Pronouns like “myself” and “himself” can also be used to add emphasis to a sentence, and when they are, they’re called intensive pronouns—same words, just a different name because they're used differently.

For example, if you witnessed a murder, you could say, “I myself saw the madman's handiwork.”

but when using it, do I say myself do or myself does?
(Google doc is auto correcting my "myself do" to "myself does", hence I'm confirming)

So, what is the correct way to say it,

  • I'll make sure that me myself taste it for you.
  • I'll make sure that me myself tastes it for you.
  • 4
    in both of your sample sentences, it should be "I" not "me". Think about if you said the sentence without the "myself": you wouldn't say "I'll make sure that me taste it for you."
    – Esther
    Commented Apr 25, 2022 at 15:42
  • 3
    additionally, you would use the same verb as if you completely ommitted "myself," so in your question it would be the first sentence.

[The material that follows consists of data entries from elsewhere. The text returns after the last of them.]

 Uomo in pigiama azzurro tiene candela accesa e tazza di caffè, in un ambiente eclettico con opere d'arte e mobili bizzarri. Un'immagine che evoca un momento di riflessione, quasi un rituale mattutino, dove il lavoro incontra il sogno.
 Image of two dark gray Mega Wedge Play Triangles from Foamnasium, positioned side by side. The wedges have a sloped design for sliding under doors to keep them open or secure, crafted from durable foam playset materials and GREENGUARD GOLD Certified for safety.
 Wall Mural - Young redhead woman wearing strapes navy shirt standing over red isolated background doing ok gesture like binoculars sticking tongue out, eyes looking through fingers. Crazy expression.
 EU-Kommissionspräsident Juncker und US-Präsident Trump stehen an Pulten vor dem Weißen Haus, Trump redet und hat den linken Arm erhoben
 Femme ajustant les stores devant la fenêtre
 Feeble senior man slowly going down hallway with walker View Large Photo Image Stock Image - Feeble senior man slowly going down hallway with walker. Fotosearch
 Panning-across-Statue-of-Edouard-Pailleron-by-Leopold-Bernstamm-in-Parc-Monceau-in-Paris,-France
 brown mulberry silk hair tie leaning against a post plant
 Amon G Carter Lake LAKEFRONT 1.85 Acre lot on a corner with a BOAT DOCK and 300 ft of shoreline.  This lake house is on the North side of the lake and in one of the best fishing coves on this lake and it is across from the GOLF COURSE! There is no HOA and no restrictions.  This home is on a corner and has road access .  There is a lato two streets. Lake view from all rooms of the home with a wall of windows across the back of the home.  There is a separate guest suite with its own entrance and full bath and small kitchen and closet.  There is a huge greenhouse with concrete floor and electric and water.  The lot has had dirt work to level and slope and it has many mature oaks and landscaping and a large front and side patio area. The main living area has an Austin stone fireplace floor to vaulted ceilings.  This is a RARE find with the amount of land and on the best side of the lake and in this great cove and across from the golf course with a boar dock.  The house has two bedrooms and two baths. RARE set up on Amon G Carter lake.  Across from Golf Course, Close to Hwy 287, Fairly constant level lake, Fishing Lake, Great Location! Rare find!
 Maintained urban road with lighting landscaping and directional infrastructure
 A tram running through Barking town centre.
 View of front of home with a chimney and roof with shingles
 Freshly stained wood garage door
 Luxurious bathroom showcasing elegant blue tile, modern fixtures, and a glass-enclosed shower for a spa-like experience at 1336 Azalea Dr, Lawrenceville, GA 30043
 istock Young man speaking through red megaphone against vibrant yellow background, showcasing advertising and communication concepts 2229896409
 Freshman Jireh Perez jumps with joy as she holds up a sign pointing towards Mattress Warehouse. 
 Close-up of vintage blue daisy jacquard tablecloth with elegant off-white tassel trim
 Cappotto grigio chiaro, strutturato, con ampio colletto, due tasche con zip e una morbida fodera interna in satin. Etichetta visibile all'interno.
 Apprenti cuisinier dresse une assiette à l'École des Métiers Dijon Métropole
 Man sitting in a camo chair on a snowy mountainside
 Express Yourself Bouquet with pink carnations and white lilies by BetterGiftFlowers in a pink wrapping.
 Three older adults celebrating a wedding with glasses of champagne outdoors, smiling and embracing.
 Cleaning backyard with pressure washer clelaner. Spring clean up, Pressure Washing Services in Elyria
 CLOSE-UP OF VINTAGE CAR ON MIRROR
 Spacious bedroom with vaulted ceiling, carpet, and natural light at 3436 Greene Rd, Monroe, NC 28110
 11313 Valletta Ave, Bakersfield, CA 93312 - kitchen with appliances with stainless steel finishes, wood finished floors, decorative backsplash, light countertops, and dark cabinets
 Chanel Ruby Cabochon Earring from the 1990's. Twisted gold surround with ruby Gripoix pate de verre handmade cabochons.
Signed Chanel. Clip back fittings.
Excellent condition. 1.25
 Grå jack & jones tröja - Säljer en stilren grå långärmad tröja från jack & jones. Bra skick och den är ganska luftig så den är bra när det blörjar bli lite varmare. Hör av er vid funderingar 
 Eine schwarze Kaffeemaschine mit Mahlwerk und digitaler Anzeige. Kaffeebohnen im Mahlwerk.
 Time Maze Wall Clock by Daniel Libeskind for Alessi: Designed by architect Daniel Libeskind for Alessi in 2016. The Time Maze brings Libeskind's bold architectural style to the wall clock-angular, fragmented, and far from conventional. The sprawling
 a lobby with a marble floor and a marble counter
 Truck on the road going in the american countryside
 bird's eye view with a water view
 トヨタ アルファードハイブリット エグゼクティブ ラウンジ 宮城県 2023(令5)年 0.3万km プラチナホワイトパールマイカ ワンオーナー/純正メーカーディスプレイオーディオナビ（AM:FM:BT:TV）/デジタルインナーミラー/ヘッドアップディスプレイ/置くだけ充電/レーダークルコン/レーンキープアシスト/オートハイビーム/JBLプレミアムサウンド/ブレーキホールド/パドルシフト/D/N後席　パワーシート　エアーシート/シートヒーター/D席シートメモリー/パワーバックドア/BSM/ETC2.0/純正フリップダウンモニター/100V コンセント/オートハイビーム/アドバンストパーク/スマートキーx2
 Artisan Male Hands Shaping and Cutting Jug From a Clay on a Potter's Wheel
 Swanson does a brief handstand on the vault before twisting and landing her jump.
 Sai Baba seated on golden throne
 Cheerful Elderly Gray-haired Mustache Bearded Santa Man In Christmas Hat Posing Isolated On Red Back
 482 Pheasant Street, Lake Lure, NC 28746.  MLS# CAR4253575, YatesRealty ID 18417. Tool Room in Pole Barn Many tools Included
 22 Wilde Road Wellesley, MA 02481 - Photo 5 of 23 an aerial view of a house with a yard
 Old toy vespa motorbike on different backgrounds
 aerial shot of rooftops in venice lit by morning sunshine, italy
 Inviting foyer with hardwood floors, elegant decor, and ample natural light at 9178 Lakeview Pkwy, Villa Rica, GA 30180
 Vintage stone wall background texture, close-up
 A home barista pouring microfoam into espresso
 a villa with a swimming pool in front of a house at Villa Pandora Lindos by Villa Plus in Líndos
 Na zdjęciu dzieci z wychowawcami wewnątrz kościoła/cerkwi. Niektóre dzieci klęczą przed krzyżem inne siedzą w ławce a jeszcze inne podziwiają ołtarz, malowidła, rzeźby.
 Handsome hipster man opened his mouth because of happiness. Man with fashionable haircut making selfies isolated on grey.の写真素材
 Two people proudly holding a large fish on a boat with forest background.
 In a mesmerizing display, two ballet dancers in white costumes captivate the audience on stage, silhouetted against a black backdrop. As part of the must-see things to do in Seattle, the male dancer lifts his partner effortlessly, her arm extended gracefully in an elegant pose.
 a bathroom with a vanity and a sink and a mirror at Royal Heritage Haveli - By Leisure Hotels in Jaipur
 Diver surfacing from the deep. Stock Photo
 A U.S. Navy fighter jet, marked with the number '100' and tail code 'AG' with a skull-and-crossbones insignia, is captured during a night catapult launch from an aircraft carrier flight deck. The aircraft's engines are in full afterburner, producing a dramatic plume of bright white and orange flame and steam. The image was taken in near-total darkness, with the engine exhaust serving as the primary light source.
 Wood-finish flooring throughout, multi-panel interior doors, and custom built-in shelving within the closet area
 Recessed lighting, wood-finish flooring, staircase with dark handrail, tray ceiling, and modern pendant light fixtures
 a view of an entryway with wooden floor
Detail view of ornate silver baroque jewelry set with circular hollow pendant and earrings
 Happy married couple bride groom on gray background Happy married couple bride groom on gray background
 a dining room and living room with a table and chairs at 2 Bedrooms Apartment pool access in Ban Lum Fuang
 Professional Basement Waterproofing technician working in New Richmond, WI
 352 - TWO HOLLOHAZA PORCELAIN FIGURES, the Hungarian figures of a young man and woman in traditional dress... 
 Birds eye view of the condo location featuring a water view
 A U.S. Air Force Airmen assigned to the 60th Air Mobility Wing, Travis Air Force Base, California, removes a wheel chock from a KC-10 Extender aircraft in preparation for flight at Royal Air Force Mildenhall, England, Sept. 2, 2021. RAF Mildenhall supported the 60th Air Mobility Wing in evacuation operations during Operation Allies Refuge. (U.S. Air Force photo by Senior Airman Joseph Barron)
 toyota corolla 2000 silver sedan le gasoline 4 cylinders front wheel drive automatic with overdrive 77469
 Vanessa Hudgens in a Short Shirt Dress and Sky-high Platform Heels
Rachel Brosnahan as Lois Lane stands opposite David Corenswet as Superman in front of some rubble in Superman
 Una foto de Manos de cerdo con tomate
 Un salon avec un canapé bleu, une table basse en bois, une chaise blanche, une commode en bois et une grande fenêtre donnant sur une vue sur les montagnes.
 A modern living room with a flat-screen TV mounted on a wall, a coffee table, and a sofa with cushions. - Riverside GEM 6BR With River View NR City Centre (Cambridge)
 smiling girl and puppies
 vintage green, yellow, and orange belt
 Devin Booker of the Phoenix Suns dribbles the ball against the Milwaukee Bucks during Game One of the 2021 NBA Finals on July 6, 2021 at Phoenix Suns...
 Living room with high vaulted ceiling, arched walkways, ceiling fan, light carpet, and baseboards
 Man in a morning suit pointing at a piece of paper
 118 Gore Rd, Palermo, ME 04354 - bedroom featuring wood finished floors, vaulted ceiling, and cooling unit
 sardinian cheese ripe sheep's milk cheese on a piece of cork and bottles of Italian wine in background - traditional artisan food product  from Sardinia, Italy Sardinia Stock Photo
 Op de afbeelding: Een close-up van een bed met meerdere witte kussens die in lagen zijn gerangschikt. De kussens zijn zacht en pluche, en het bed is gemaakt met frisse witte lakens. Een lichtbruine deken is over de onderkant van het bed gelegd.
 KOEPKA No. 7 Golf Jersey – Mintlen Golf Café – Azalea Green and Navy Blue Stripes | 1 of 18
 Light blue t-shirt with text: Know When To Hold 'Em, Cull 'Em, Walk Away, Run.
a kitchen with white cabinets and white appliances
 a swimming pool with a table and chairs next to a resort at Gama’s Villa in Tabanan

The correct way of saying it is "I'll make sure that I myself taste it for you" or "I'll make sure I taste it for you myself."
    – Esther
    Commented Apr 25, 2022 at 15:44

1 Answer 1


It should be "... I myself taste it".

The pronoun with an emphatic "myself" is unchanged by the presence of "myself". So since you would say "I'll make sure that I taste it for you", You'd say "I'll make sure that I myself taste it for you."

The verb form agrees with the subject "I" and is not affected by the presence of the emphatic "myself". So you would have:

I myself taste / he himself tastes.

Don't overuse this construction. While it is valid English, it is rather rare. It's unusual in written English, and in casual spoken English. So it is mostly restricted to formal spoken English.